Closed orelgueta closed 2 months ago
Yes, and this is somehow related to #11. It might very well be that the performance is heavily influenced by the training statistics of each bin (and not only the different "physics" associated to the different energy bins).
I'm not really understanding why it is necessary to have an energy binning in the training, given that the energy is itself one the variables we're training the models with. Shouldn't it be possible for the model to take into account the effect of the energy when predicting the angular difference? Just like it does with the fov offset. We're not binning in fov offset for the training (because that would cost a lot of train statistics), we only bin in offset (and energy) when calculating the event type thresholds.
I'm testing this in the branch test_energy_binning. It looks like we can safely reduce the number of energy bins in the training, but I'm still not sure if we can reduce it to just one. The branch is still a little buggy, so I'll make the PR after holidays.
OK, no problem!
I tested with 1, 3, 5, 10 and 20 (current) equally filled energy bins with the test_energy_binning branch, which is now ready for the PR. I think the confusion matrix is the best way to compare between these, because even if the binning in the training is different, we can test the with the same binning (the one we use later to compute sensitivity).

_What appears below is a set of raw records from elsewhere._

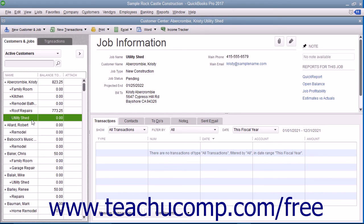You can also create estimates to give to a customer for a proposed job within QuickBooks.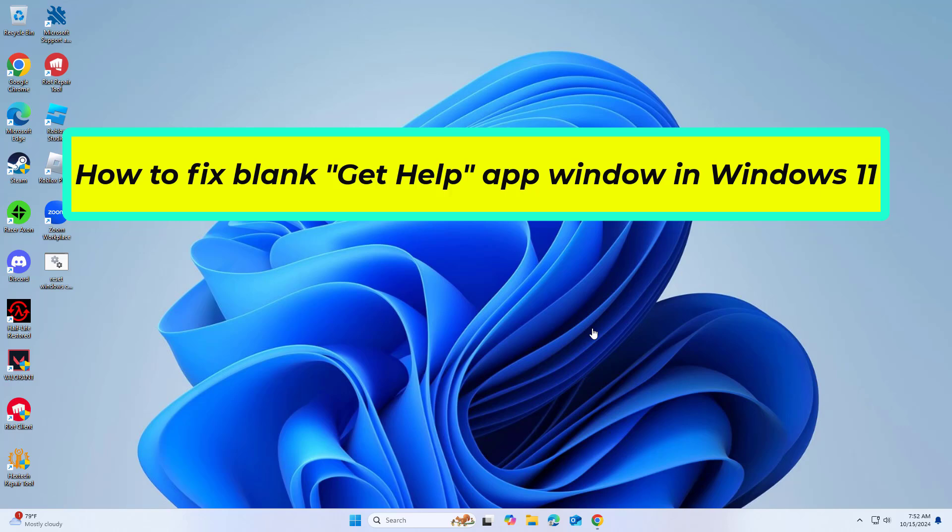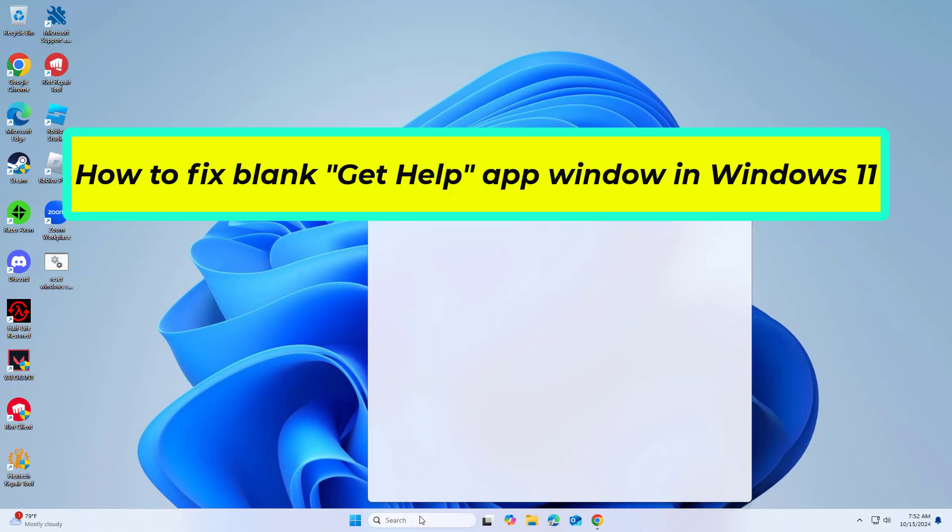How to Fix Blank Get Help App Window in Windows 11. In this video I will show you a few solutions to fix the problem.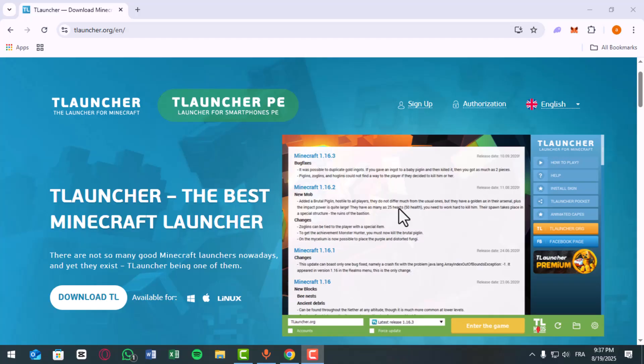And that's the working fix for the T-Launcher login error. If this helped you out, drop a like and let me know in the comments what version you're playing.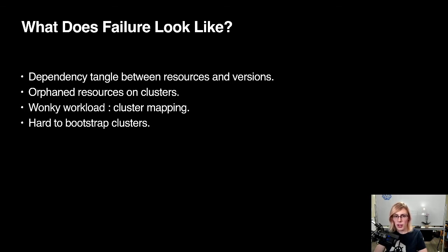What does failure to build a decent multicluster system look like? You can easily wind up with a dependency tangle between resources and versions. Anything consuming the Kubernetes API can become very tricky to version, and there is a staggering effect for components that consume other components.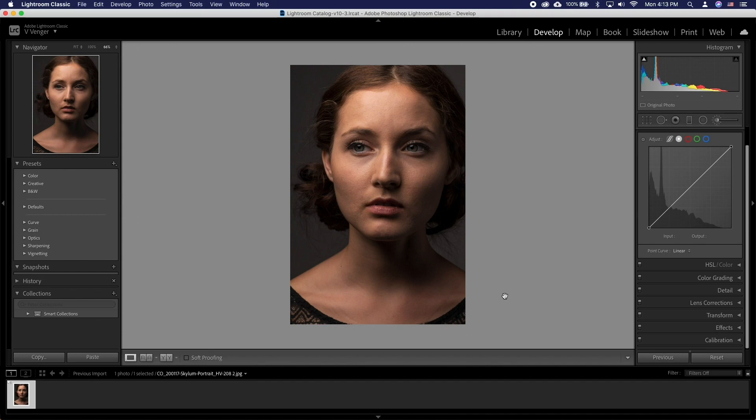We have already cleaned up some of the blemishes on the skin in Photoshop and have brought the image back into Lightroom. We will be using the adjustment brush to achieve skin smoothing that might often times supersede the results that you get from Photoshop.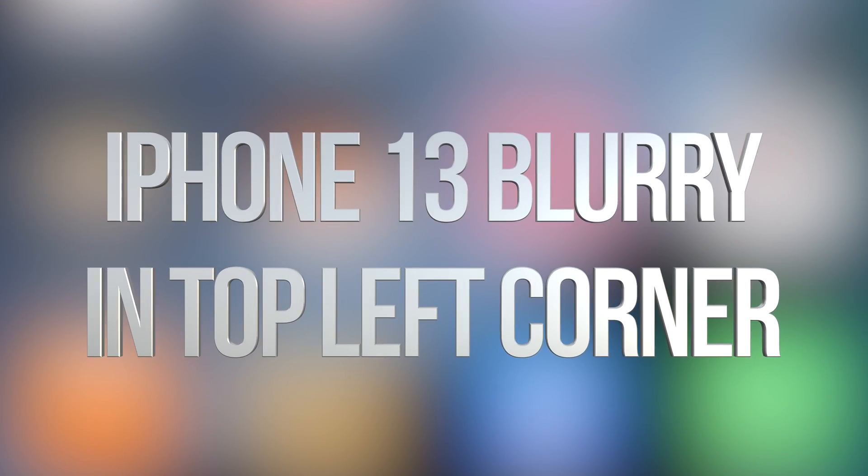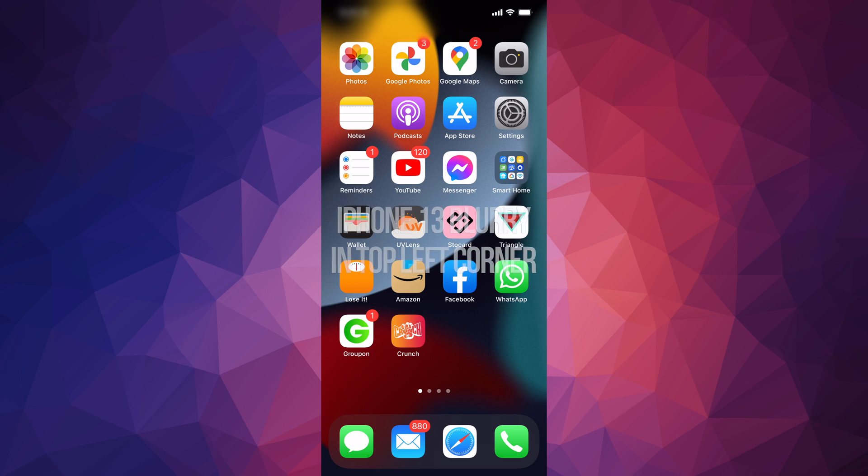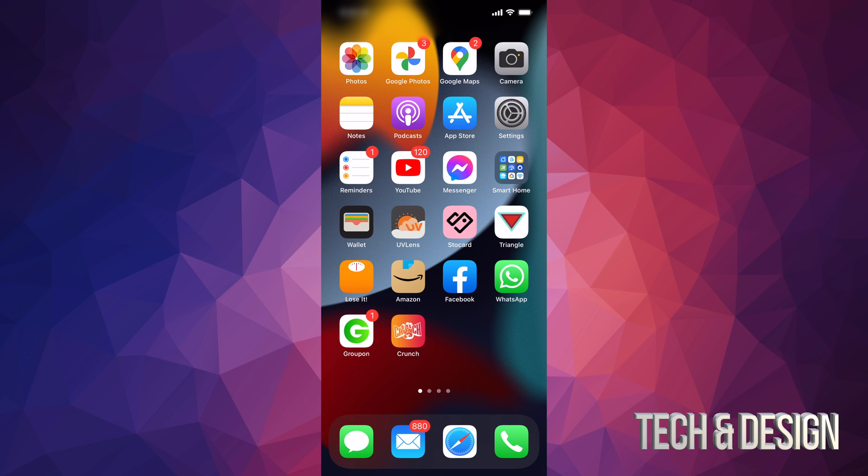Hey guys, if on your iPhone you notice this on the top left-hand side of your screen, you see this blurriness happening with your time, don't worry about it. It's not your screen, nothing wrong with it. Let's just go on and fix this right now.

I know they are too many plots and is difficult to see because they are all really similar. My conclusion is that the binning is not affecting too much, but I can see that the best performance is achieved when the number of bins is reduced (3 or 5), but not 1. So I would stop using 20 bins by default and probably reduce it to 3. What do you think?
I focused on the case of 3 event types for the following (because I hope it is the case that will actually be used).
It seems to me that the difference is only seen at the highest energy bins, above 50 TeV. For all the bins below I think the difference is small enough to be considered within statistical fluctuations. For those very-high-energy bins, we do benefit from the increase in energy bins in the training. This is expected considering the steep energy distribution. The NN will naturally focus on the more abundant low-energy examples it sees. The difference is not large though and probably not worth the increase in complication. One could also argue that above 50 TeV the differences we see are inconsequential considering the amount of events we have at those energies and their inherent good quality to begin with.
So, to make a long story short, I think it won't make a difference if we reduce the number of energy bins. The best compromise between performance and simplicity is if we use 10 bins, but going down to three wouldn't be too bad either. If you think using three bins is simpler/easier than 10, let's use that. Otherwise, perhaps using 10 bins is best.
Yes, you're right, the highest energy bins work better with 10 bins, so let's use that.
OK!
We can probably improve performance if we optimise the number and distribution of energy bins. Worth a try at least.